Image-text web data

=== Begin Enclosure ===

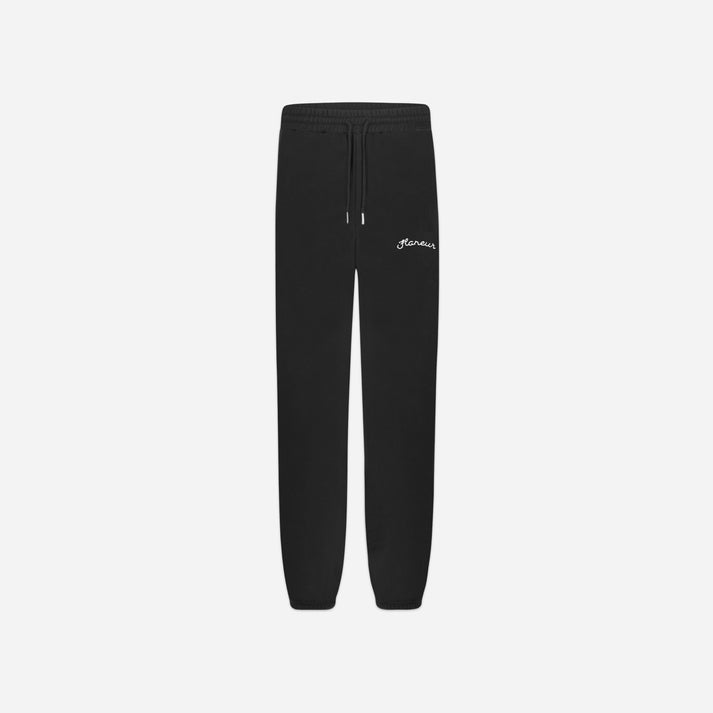 SIGNATURE SWEATPANTS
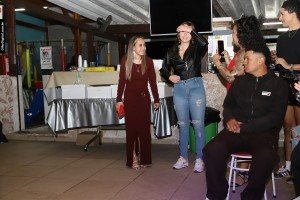 IMG_0558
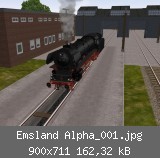 Emsland Alpha_001.jpg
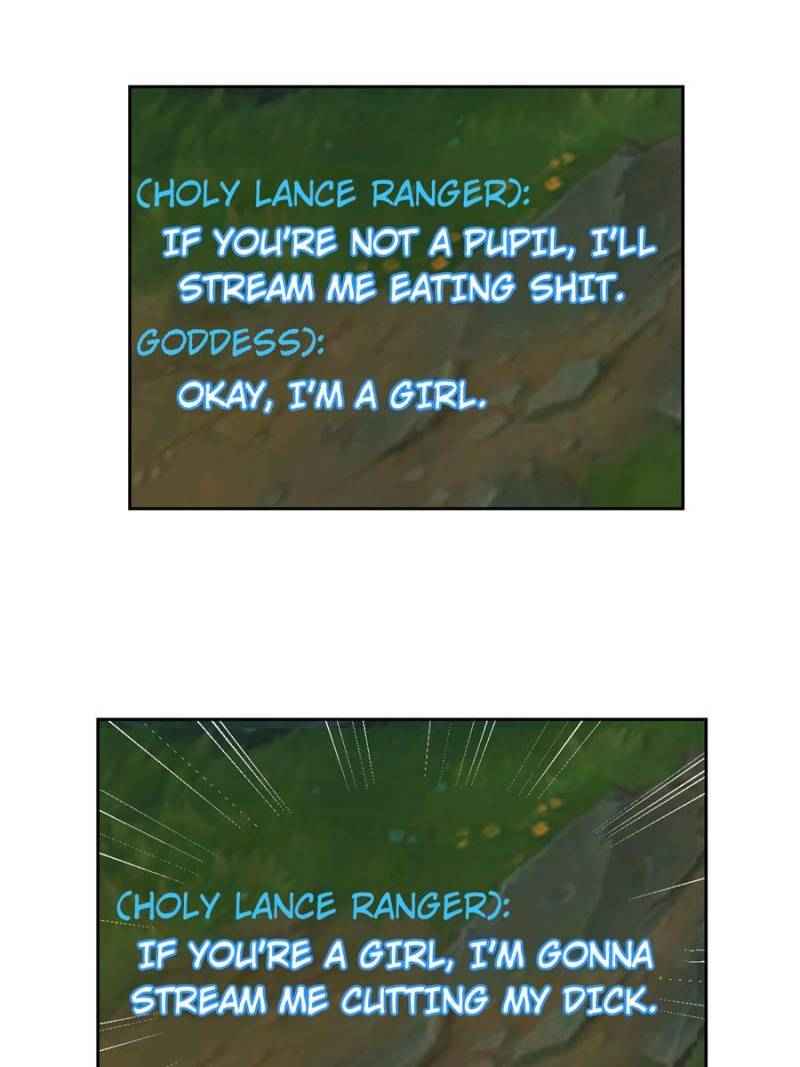 Page 34 of Chapter 41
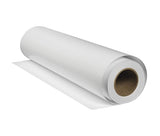 Epson Ultrasmooth Fine Art Paper 44inx50ft Roll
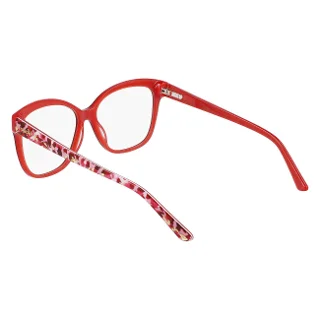 Bebe Eyeglasses BB5214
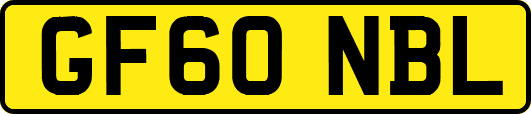 GF60NBL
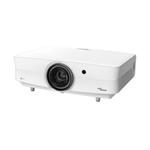 Optoma UHZ68LV-W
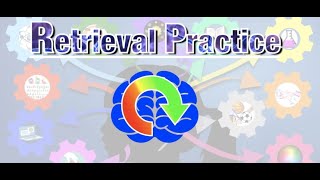 Retrieval Practice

=== End Enclosure ===

Exercise details.
The records above are to be quoted exactly, with all pictures left out.

Response to the task.
 SIGNATURE SWEATPANTS
 IMG_0558
 Emsland Alpha_001.jpg
 Page 34 of Chapter 41
 Epson Ultrasmooth Fine Art Paper 44inx50ft Roll
 Bebe Eyeglasses BB5214
 GF60NBL
 Optoma UHZ68LV-W
 Retrieval Practice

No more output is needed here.